As a general rule, everything has its advantages and also its negative points. We always have to take care with “evangelists” that will make some technology or methodology looks like it hasn’t problems or has zero impact.
This also applies to TDD. Let’s see some of its reservations:
Increases the effort
It’s necessary to spend much more time creating tests and mocks, not to mention the Continuous Integration infrastructure. Of course it can be considered as an investment in quality instead of a penalty, but in practice not everyone can afford the overhead.
Increases the complexity
The architecture becomes more complex since Dependency Injection and other decoupling techniques are abundantly used everywhere.
Changes in requirements are much more costly, since you need to rewrite the code of the system itself plus all the tests and mocks involved.
If the engineer don’t know well what he’s doing, the system will end with tons of kludges.
Intrusiveness in the main code
In some situations, you’ll have to code in a specific way in order the code can be tested later. The application architecture is then affected by outside unnatural factors.
In short, the design is influenced by tests, what is not desirable since is one more thing to be considered and to grab the architect’s attention.
Testing everything is almost impossible
Many technologies are hard to test independently or even in integration tests.
Think about user interfaces, for example. How many technologies allow us to run it in a decoupled way? There’s tools like Selenium for web apps, but they also brings tons of other limitations and dependencies.
Is TDD dead?
We just saw every benefit comes at a cost. This is the main point about TDD being dead. Is the cost of testing everything and creating mocks for every dependency worthy? Let’s look at some comments about the aforementioned talk.
David Hansson starts arguing that lots of people can’t do TDD because of the nature of their work. He talks about the need of numerous mocks and how it makes coding more difficult.
Kent Beck continues and tell us about situations where the team couldn’t refactor their code because the tests were so coupled to the implementation, with two or three levels of mocks, that any modification affected countless of them. He also asserted TDD fits better certain scenarios, for instance, when requirements are clear enough so you can write them in form of tests directly. On the other hand, there are situations when the developer finds out little by little what he actually should do. This is recurrent in framework development and algorithms for analyzing non-structured data.

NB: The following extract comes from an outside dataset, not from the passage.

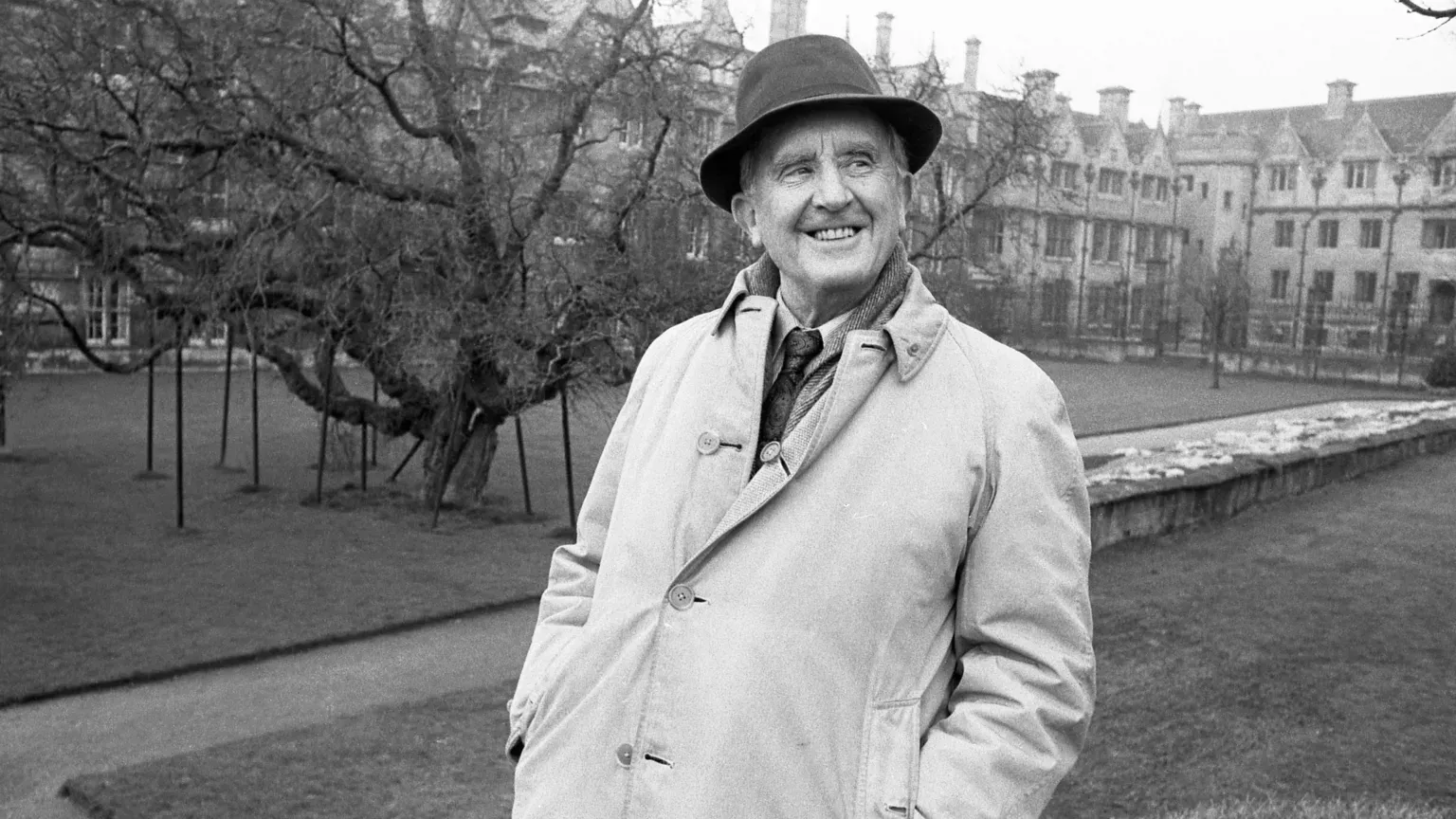 Photo : John Ronald Reuel Tolkien à Oxford, année 1968.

Fowler argues the major benefit of TDD is a self-testing code. But this could be achieved in other ways. He also talks about those who say “you aren’t doing unit tests right” because of some dependencies during the test. According to him, the “purity” of the definition is not so important, but the test should work and be useful. Furthermore, there’s alternative definitions of Unit Test.
It’s important to comprehend TDD is not the silver bullet of software development. It brings various potential challenges and problems, mainly if there’s not enough experienced people in the team.
Tests are essential, but for each project we could have different kinds of tests, whose cost-benefit should be evaluated for each individual case.
Tests shouldn’t be the goal in itself, even in TDD. Their true goal is guarantee we’re delivering what the client really needs.
Time and effort invested in tests also should be pondered. It affects directly the quality, but the quality has its price. Who will pay for it?
About unit testing, we shouldn’t pursue only purity. The important is the test tests, that is, it works for that situation.
Finally, a general rule could be: use TDD moderately.